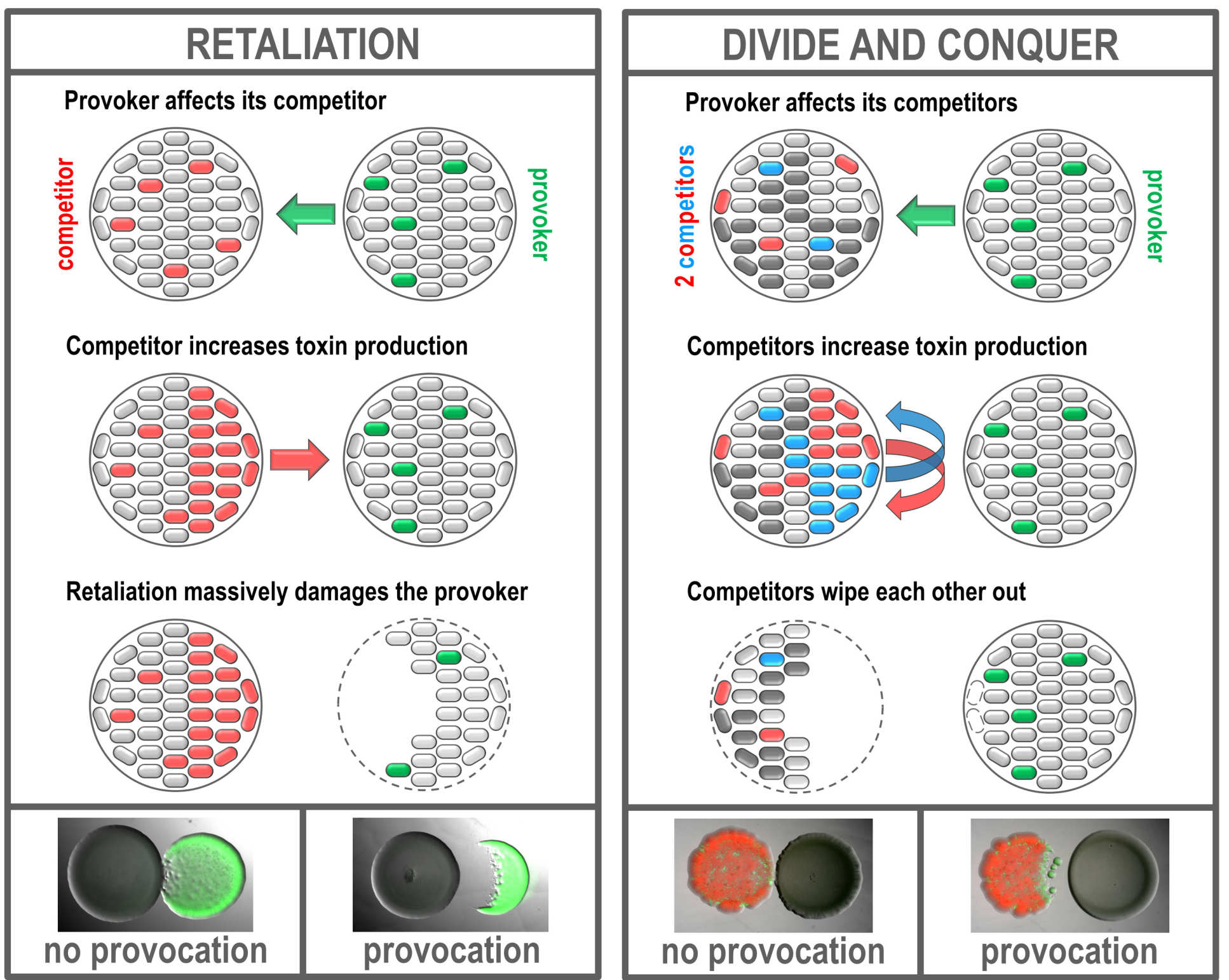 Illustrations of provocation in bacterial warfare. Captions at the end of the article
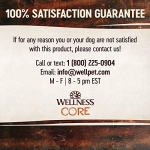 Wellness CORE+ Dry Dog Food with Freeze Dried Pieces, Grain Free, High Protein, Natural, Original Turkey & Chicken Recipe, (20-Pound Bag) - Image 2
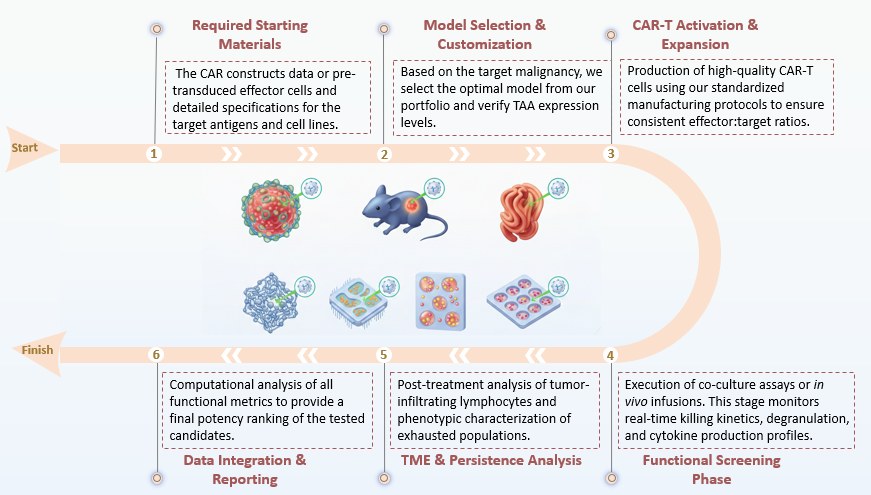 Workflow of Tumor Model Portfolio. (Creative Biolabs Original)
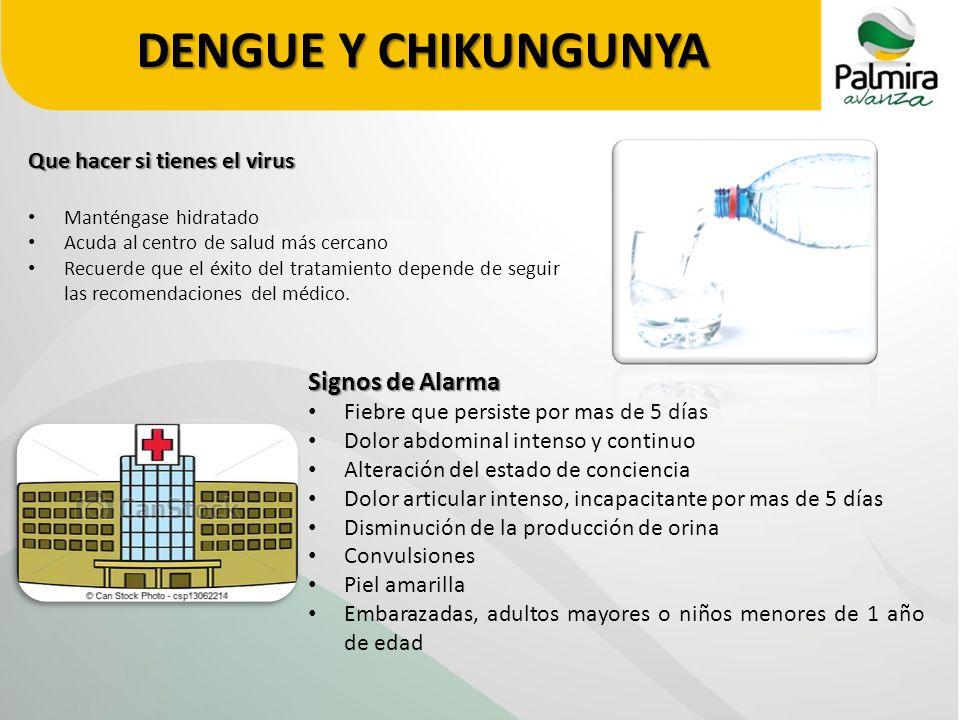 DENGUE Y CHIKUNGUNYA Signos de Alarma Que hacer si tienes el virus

| WORK TASK |
Write out all the material verbatim, images excluded.

| COMPLETED TASK |
 Illustrations of provocation in bacterial warfare. Captions at the end of the article
 Wellness CORE+ Dry Dog Food with Freeze Dried Pieces, Grain Free, High Protein, Natural, Original Turkey & Chicken Recipe, (20-Pound Bag) - Image 2
 Workflow of Tumor Model Portfolio. (Creative Biolabs Original)
 DENGUE Y CHIKUNGUNYA Signos de Alarma Que hacer si tienes el virus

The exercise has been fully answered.